Work item: Word for word, copy the lines beginning at the one with "Midsection of man using laptop on table" and ending at the last line below; pictures stay out.

Material provided:
--------

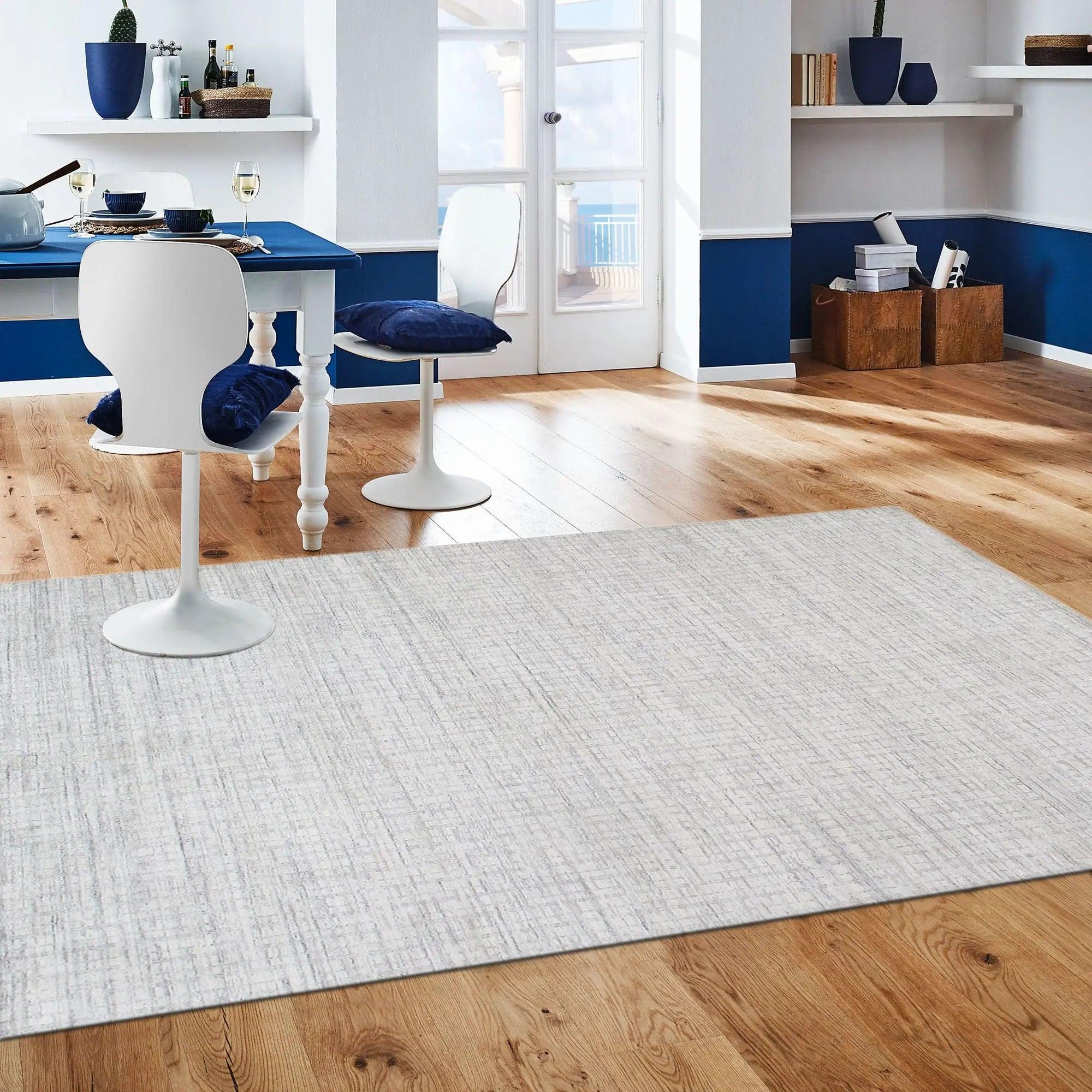 Modern room with blue walls, white furniture, and a gray rug on wooden flooring.
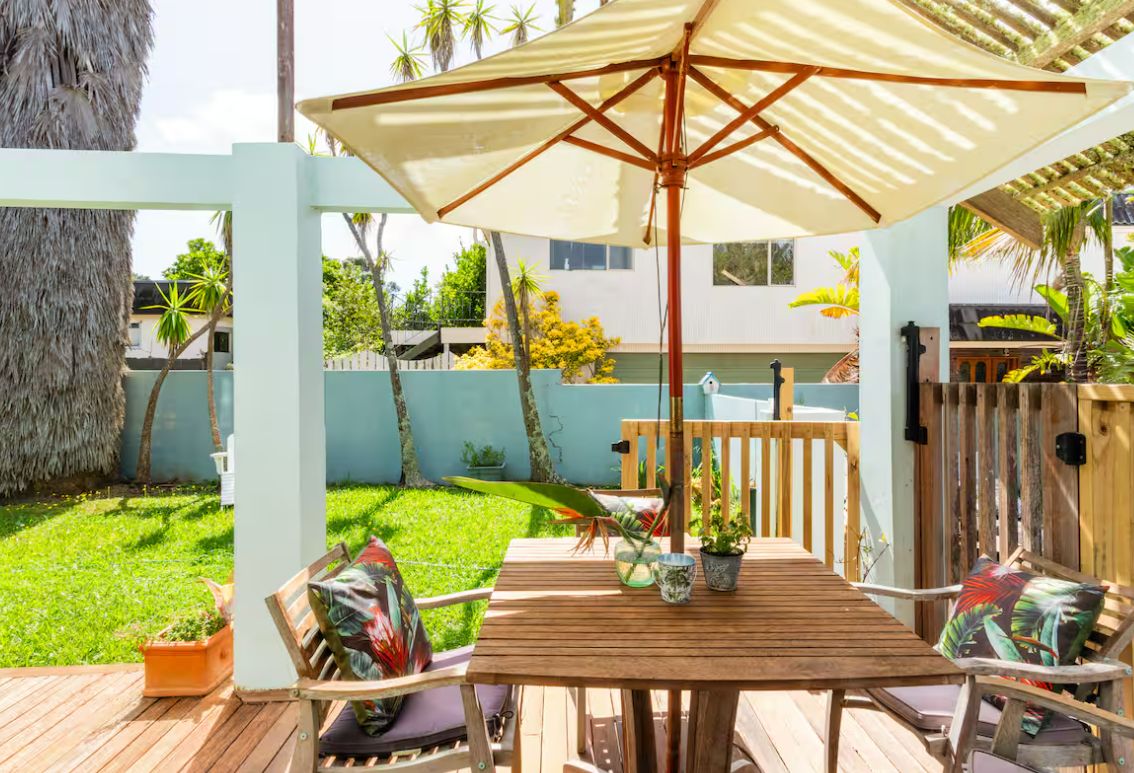 A wooden deck with a table and chairs, an umbrella, and potted plants.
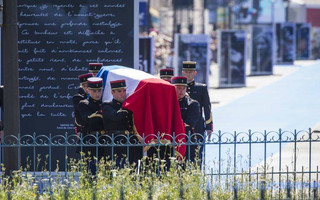 The flag-draped coffin of late Auschwitz holocaust survivor, French health minister Simone Veil, is carried during a national tribute before being laid to rest in the crypt of the Pantheon mausoleum in Paris, Monday, July 1, 2018.  Veil who became one of France's most revered politicians is getting the rare honor of being buried at the Pantheon, where French heroes are interred, one year after her death.  (AP Photo/Kamil Zihnioglu)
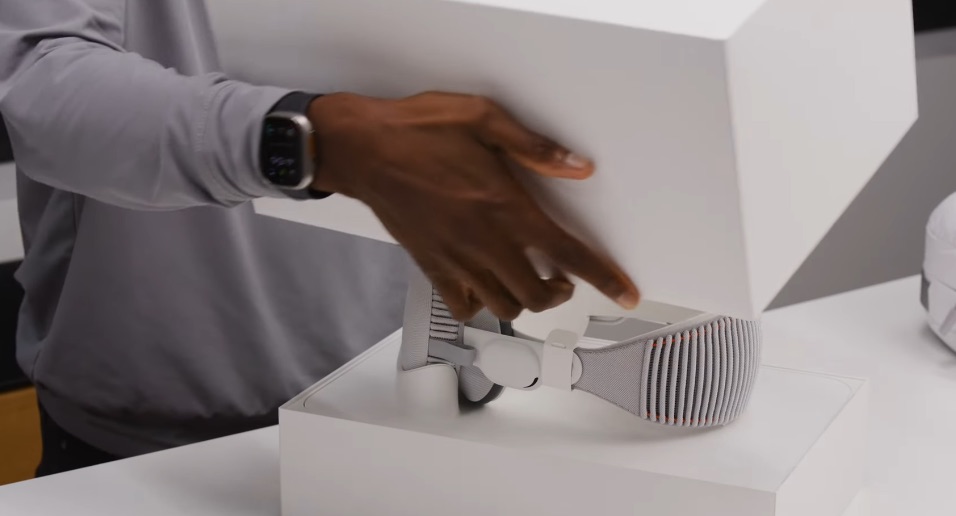 من iPhoneIslam.com، شخص يضع صندوق Vision Pro على الطاولة.
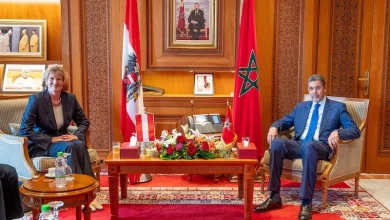 Two officials in formal suits sit across from each other in a wood-paneled room with Austrian and Moroccan flags and a flower arrangement on the table behind them.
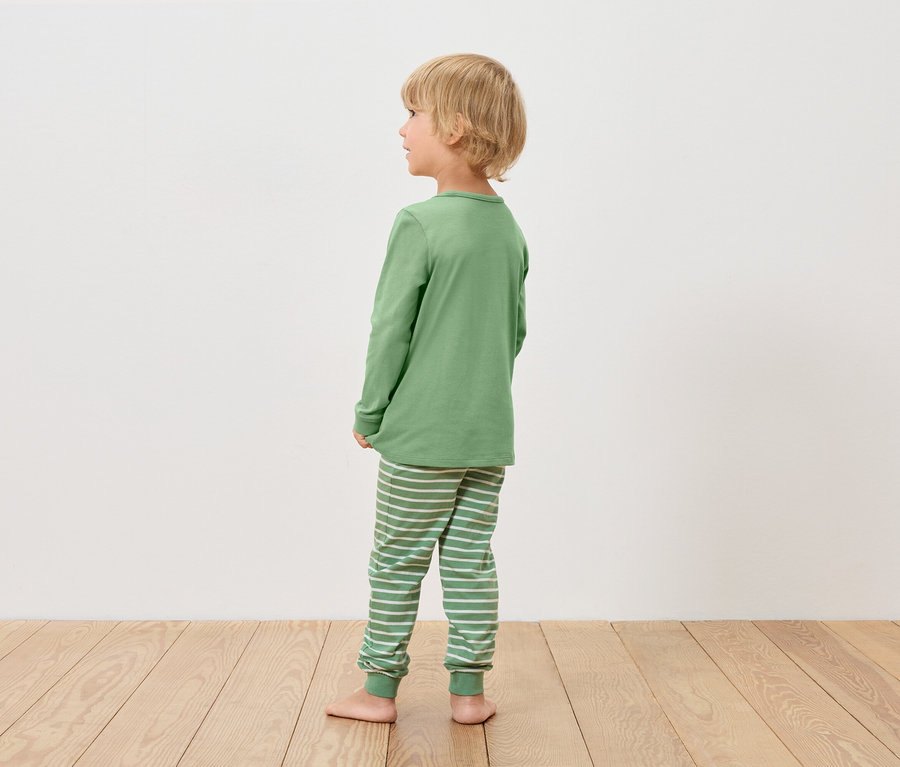 Chłopiec w zielonej piżamie patrzy w lewo.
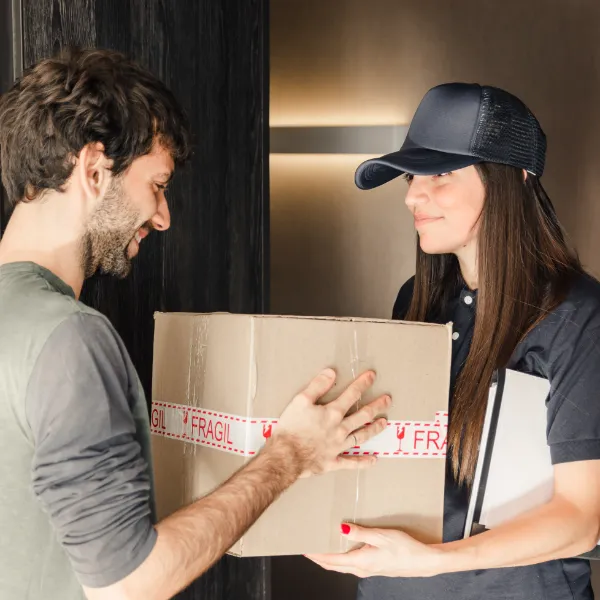 feliz-joven-recibe-paquete-de-mensajeria-femenina-en-el-hogar recogida y entrega a domicilio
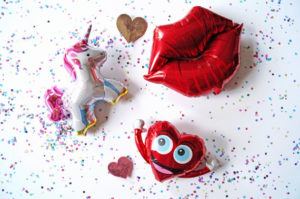 A Quinceanera-themed image of a stuffed toy with heart-shaped balloons and a unicorn.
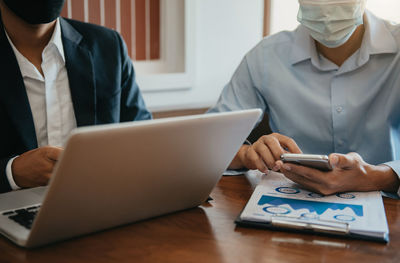 Midsection of man using laptop on table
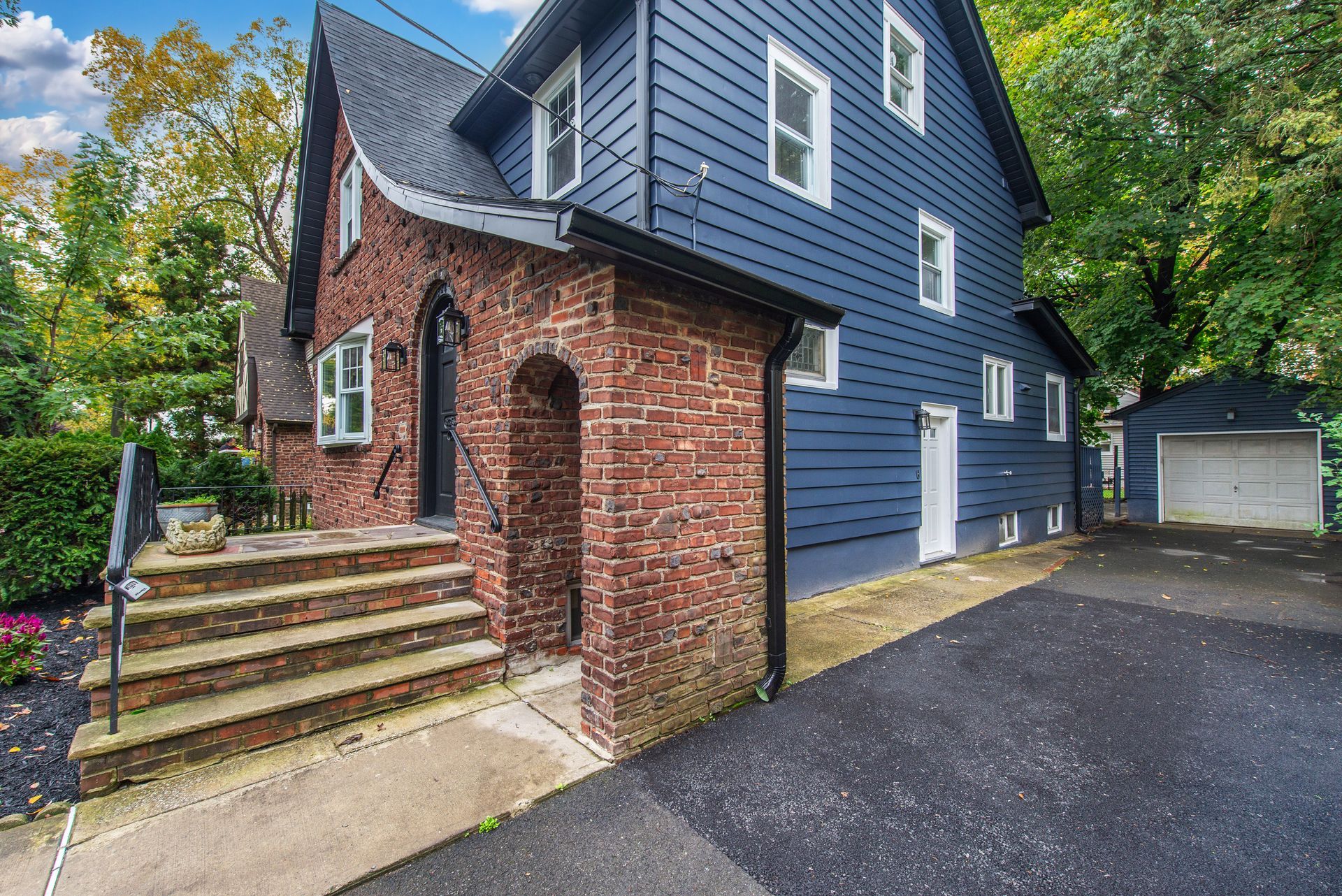 A blue house with a brick wall and a garage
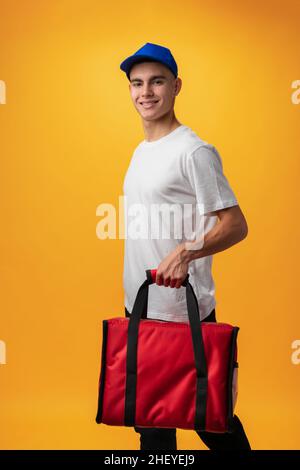 Portrait of pizza delivery boy with thermal bag against yellow background Stock Photo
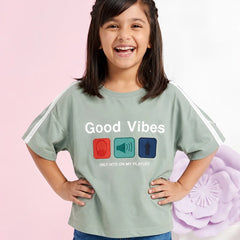 A young girl with dark hair smiles while wearing a sage green graphic t-shirt with white sleeve stripes. The shirt features the text 'Good Vibes' and 'ONLY HITS ON MY PLAYLIST' above three colored icons (red headphones, teal megaphone, blue arrow).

--------

Response:
 Midsection of man using laptop on table
 A blue house with a brick wall and a garage
 Portrait of pizza delivery boy with thermal bag against yellow background Stock Photo
 A young girl with dark hair smiles while wearing a sage green graphic t-shirt with white sleeve stripes. The shirt features the text 'Good Vibes' and 'ONLY HITS ON MY PLAYLIST' above three colored icons (red headphones, teal megaphone, blue arrow).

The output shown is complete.